At the heart of Vinci’s UK innovation drive is its Technology Centre, which researches and offers services in all aspects of construction and engineering, from sustainability to rain noise testing and building pathology. In Paris, where the firm is headquartered, its think tank The City Factory is researching the future of the world’s cities. Vinci also promotes sharing ideas in within its business through in-house innovation awards, which had 170 entries this year.
6. Be twice as sustainable
As firms position themselves for the coming years, they should take a dual approach to sustainability: it can be sold to as a service to clients and also implemented internally, saving money and improving corporate social responsibility, which can help to attract investment.
It is worth investing up front too, with a view to a longer term pay-off. Margolis, for example, hired a sustainability consultant. Andrew says: “Despite some capital costs like installing an energy meter, we have halved the paper we use and we all turn off our PC screens, so - while I don’t have the numbers yet - this is clearly going to pay off. It’s good for the environment but it also makes pure business sense.”
Meanwhile, firms from Vinci to 85-strong consultant John Rowan & Partners are underpinning all client services with sustainability. Echoing the strategy of a growing number of the sector’s more innovative firms, Stephen Gee, managing partner at John Rowan, says: “We’re positioning ourselves so that sustainability is a key part of everything we do for clients - not a standalone service.”
7. Go international
More than ever, overseas work is crucial. Consultant Gleeds, which employs 644 staff in the UK, plans to grow its international business from 30-35% of turnover to 50% within three years. Stuart Senior, managing partner, says: “We think the UK market will be stagnant for up to 10 years, so you can choose to stay there and face rising costs, which will diminish your business, or go for some of the wonderful opportunities abroad.”
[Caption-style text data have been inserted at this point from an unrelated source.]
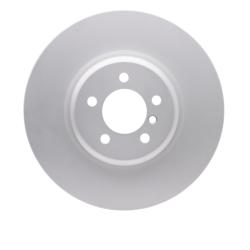 R1 Concepts PRP-31112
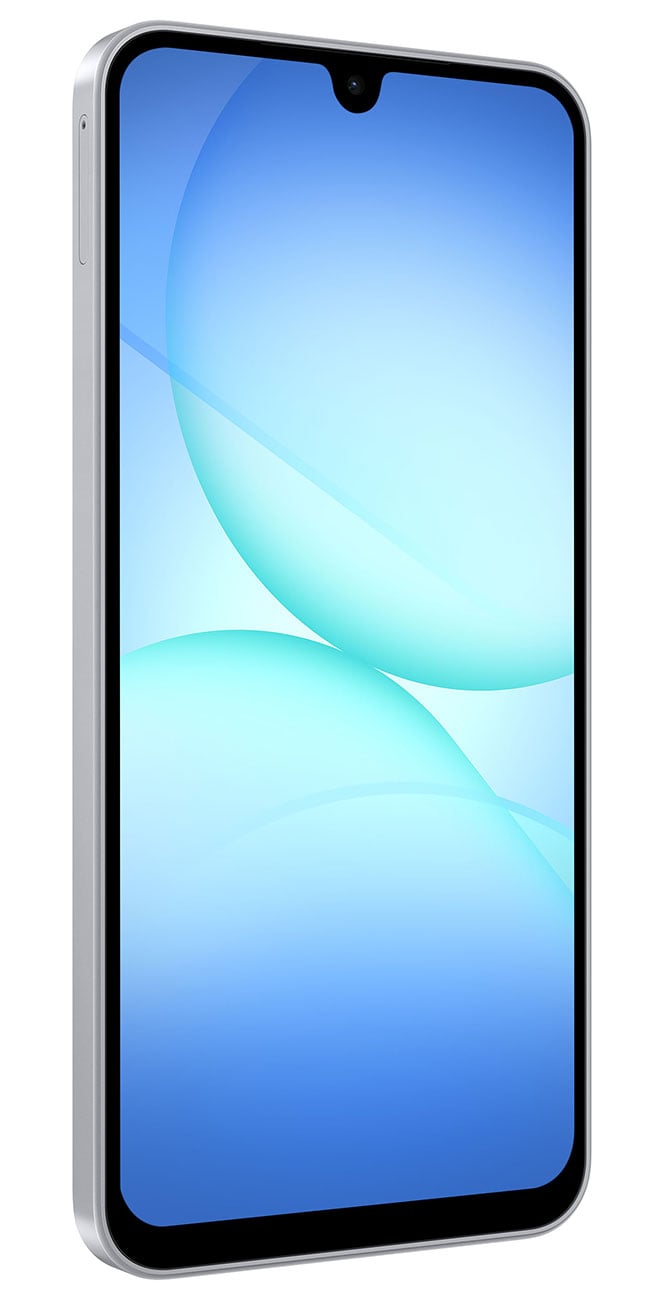 Samsung Galaxy A17 128GB 5G Unlocked Cell Phone in Gray - SM-A176BZAOGTO - image 3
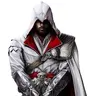 Ezio Auditore da Firenze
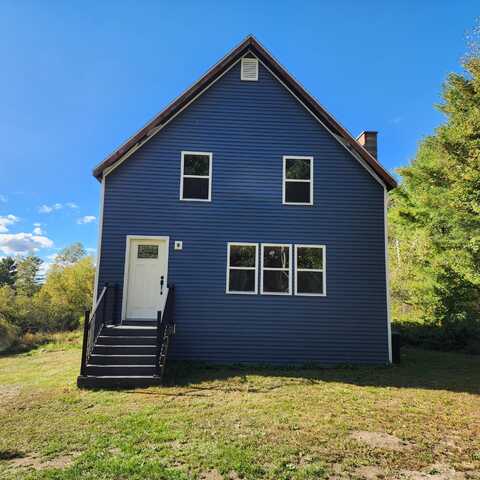 217 Tenney Hill Road, Casco, ME 04015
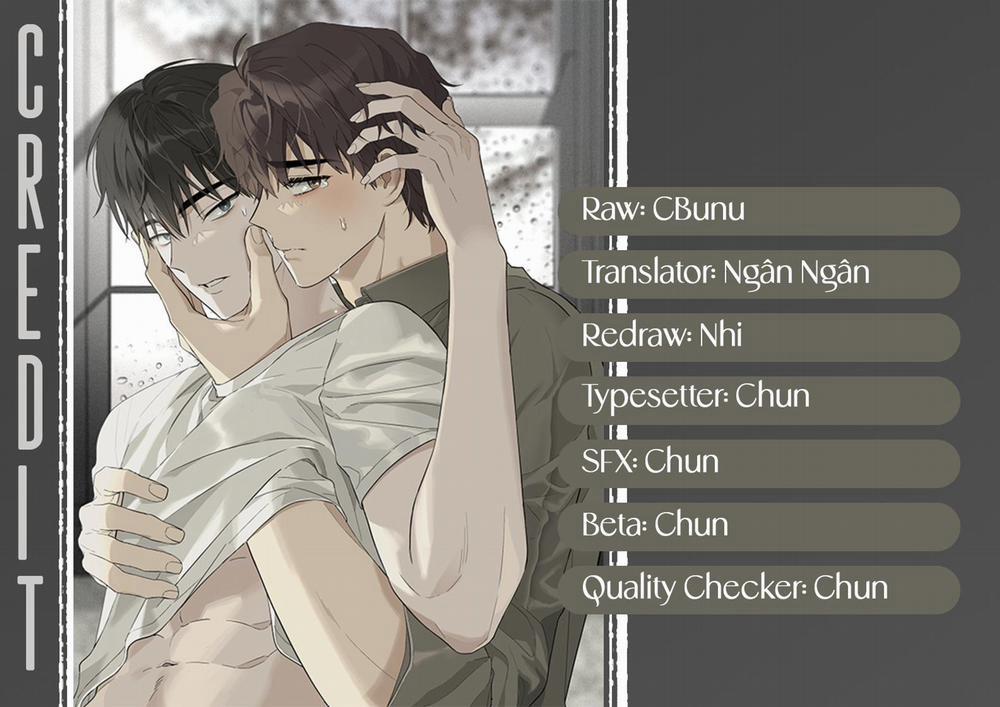 Vận Mệnh Cái Quái Gì Chứ? 2 0 trang 0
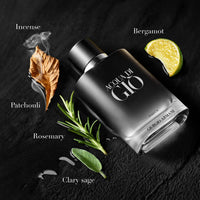 Giorgio Armani Acqua di Giò Parfum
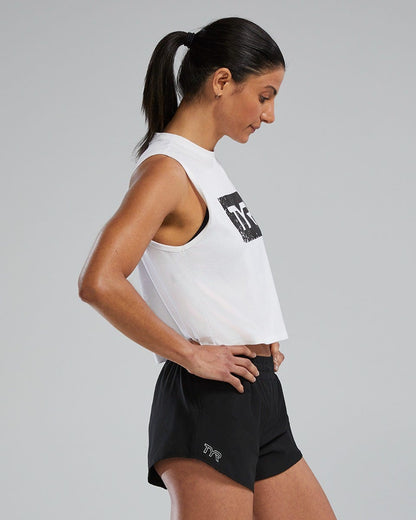 Product image for 100 White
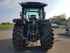 Traktor Massey Ferguson MF 5711 M DYNA-4 Bild 1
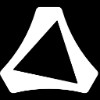 Altair Engineering Inc Class A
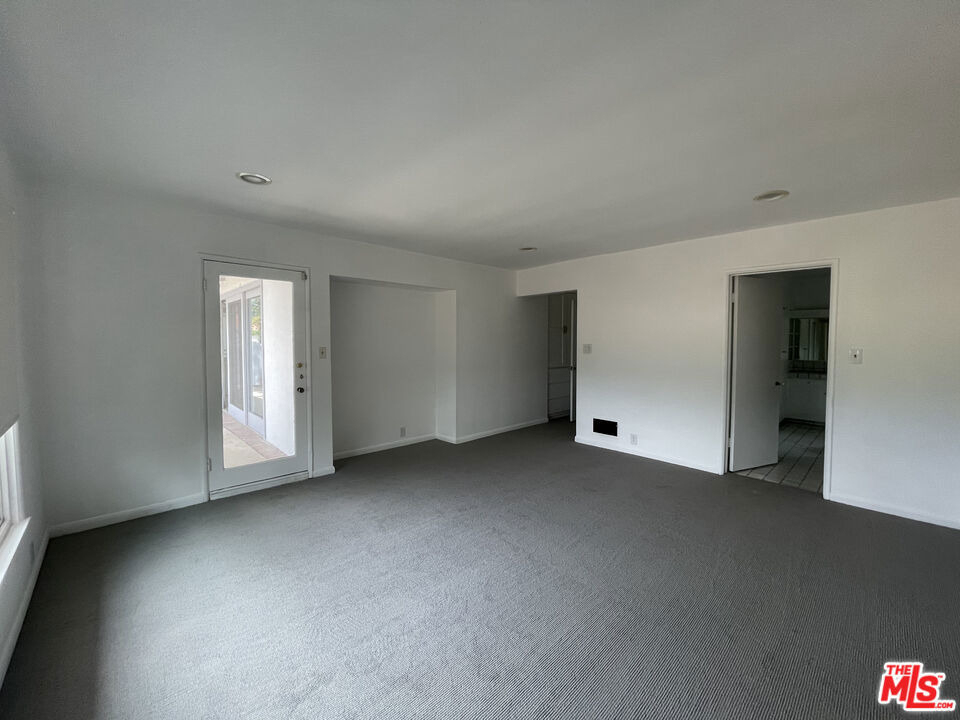 3327 Wonder View Plaza - Photo 17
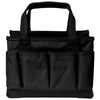 Carhartt Black Utility Tote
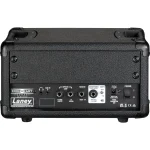 ראש מגבר לגיטרה Laney IRF-LEADTOP – תמונה 4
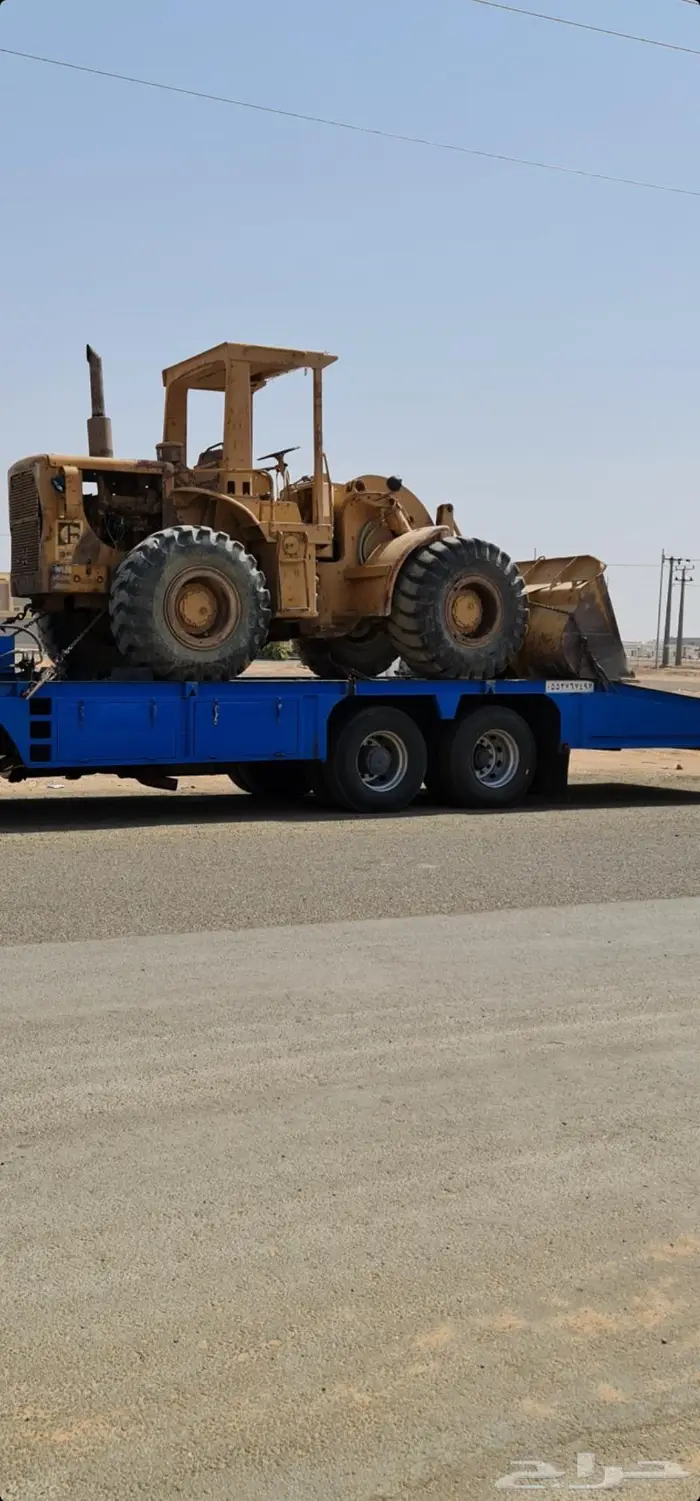 سطحه الدوادمي عفيف ضريه البجاديه 0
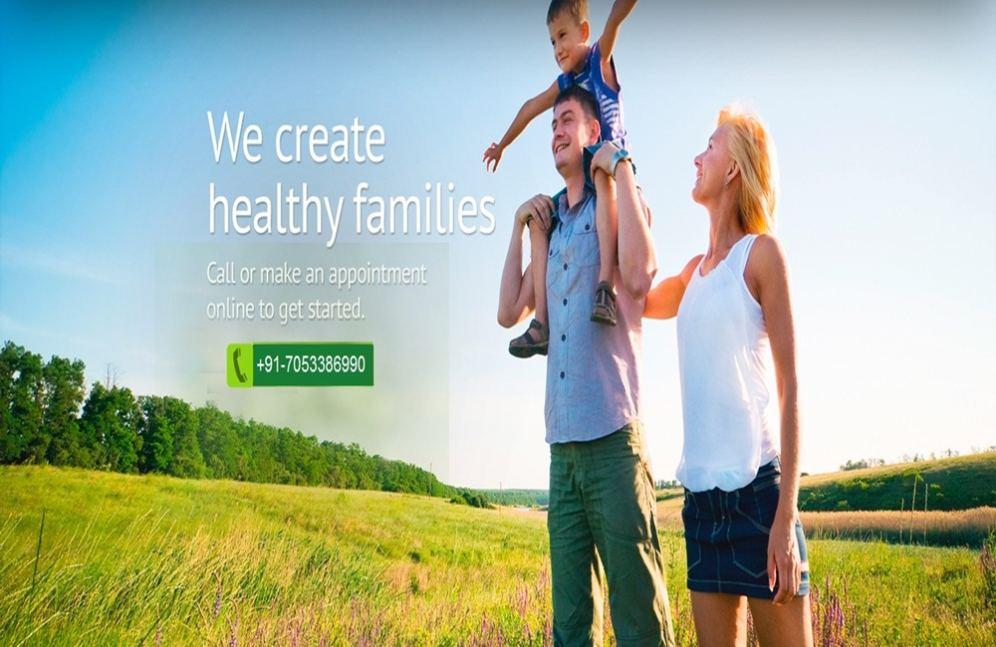 Factors To Consider When Choosing a Fat Burner Factors To Consider When Choosing a Fat Burner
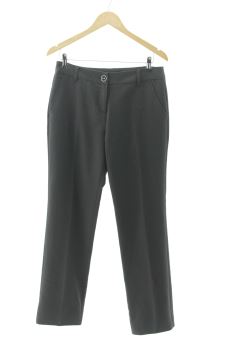Pantalon 40 Patrice Breal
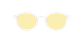 Afflelou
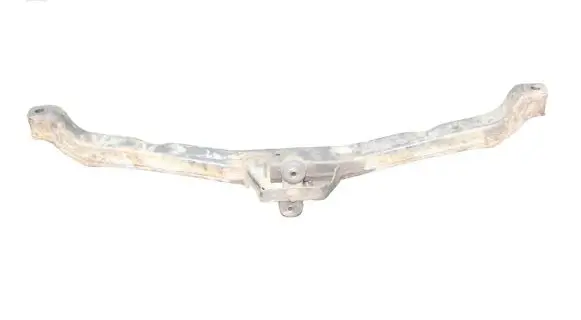 Opel Astra K Rear subframe 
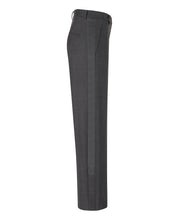 Lade das Bild in den Galerie-Viewer, Hose Glam slouch track - Cambio
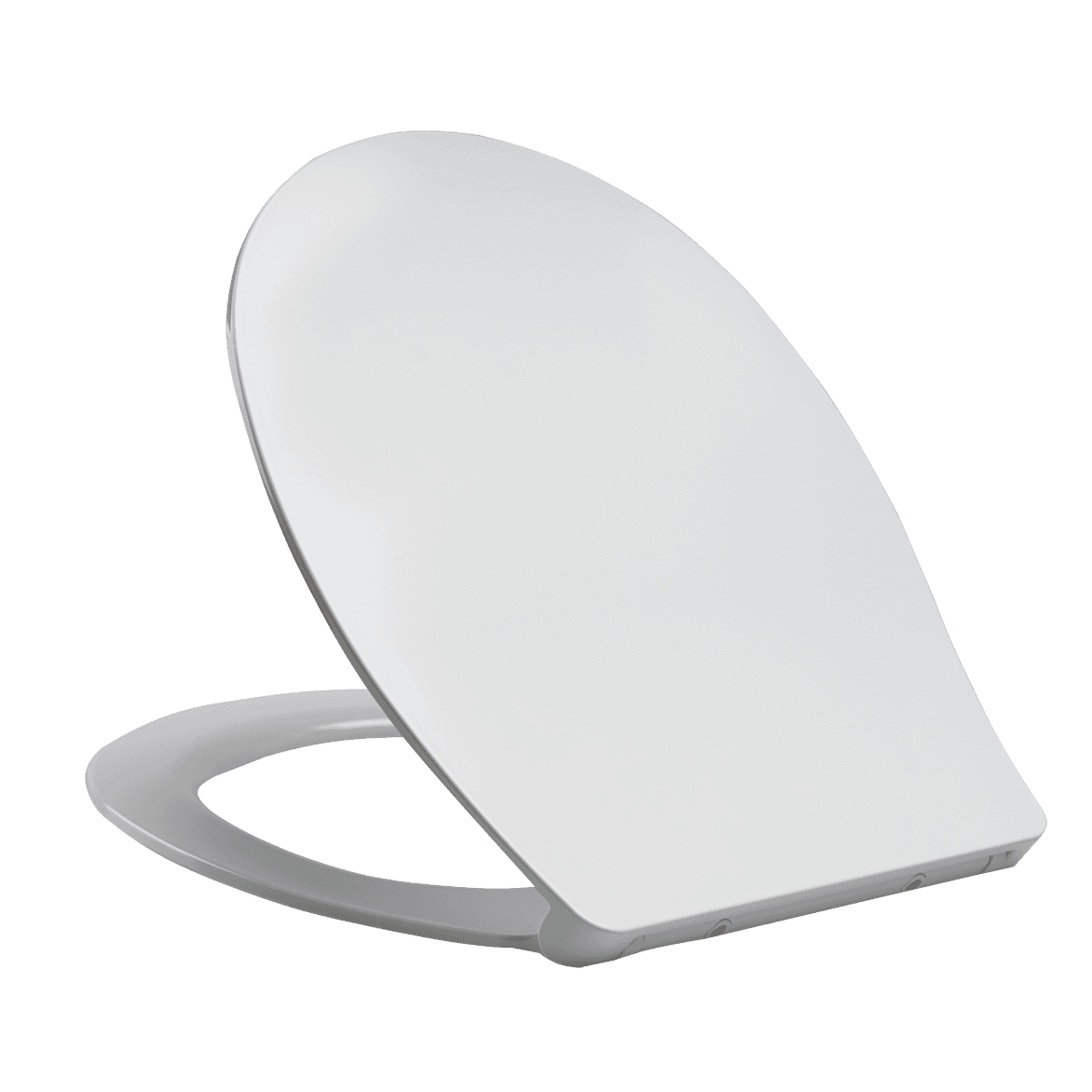 Elegance Slim Soft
In line with this, Gleeds recently acquired US consultant ProjectConsult, which is based in New York and Sao Paulo and plans to buy more firms in Australia, the Far East and Central Europe. It is also on a huge recruitment drive for its existing offices outside the UK, with plans to hire about 200 people in India and China.
Neither is international growth a strategy for larger firms alone. John Rowan & Partners works in Paris and Prague and began working in New Zealand in June after forming an alliance with Miles Construction Group to work on rebuilding the city Christchurch following the February earthquake. The firm is even looking at a job in Democratic Republic of Congo. Gee says: “Although we are medium-sized, we have to be as flexible and ambitious as a bigger firm.”